There's often a mealy mouthed feel about accusations, denials, court proceedings, judgements, fines, public disdain and moral high ground taken by litigants and public observers. The York-Sainsbury case is a fine example. Suppliers invent an alcohol boosted lemonade for grown-ups, (why not?) which can be taken as an inducement to under-age drinking. The reader can now spend 20 minutes arguing the rights and wrongs. But the point at issue is not alcopops. It is how to stop alcohol getting into the hands of the young. Sainsbury did its best. Staff training, rules, codes of practice, supervision, everything (well, nearly everything) was tried to enforce the system. However, the police and local off licensees, like everybody else, know that drinks are being sold unlawfully from some supermarkets.
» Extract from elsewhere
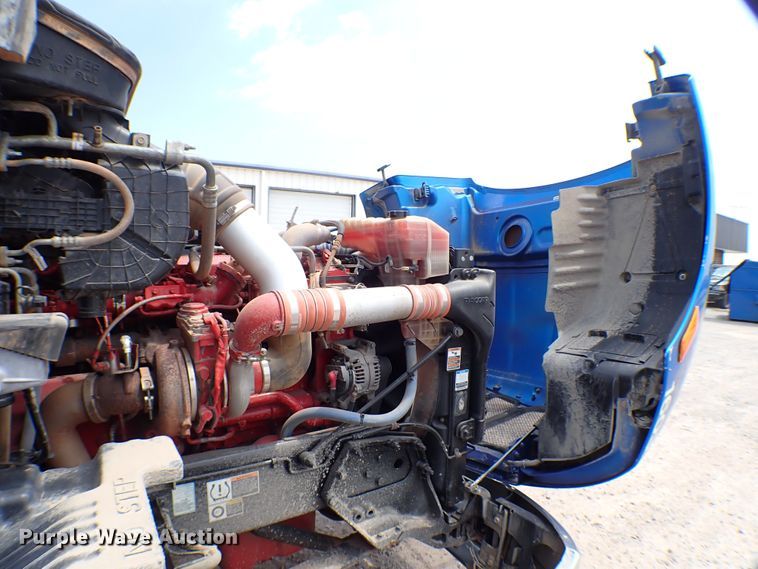 image for item MF9340 2016 Peterbilt 579  dump truck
The entrapment of JS, through children making purchases under police supervision may be justified, but it proves little. It, for example, does not prove that this branch sold alcohol to under-age customers, other than to those who made the police inspired purchases.
But it did throw up an interesting problem. If the checkout assistants are under-age, they might well be sympathetic to young people buying the demon drink. "Put the wine in a carrier bag, or I might lose my job!" Employing only over 18s at checkouts is a sweeping solution to stop a few sales.
Children are attracted to drink and have access to it in dozens of ways pubs, clubs, shops, grown-ups buying for them, bootlegging, theft ... to concentrate this massive problem into deliberate entrapment, a fine and a withdrawal of a trading licence in one store, may well appease moral hysteria, but it serves little purpose except one. The example will lead to fiercer supervision in shops.
There will be those who will ask why prevention was not thought appropriate. After one test purchase, could not the store have been warned? This often happens to drug takers.
Meanwhile, the argument for identity cards becomes ever stronger. Another 20 minute debate perhaps?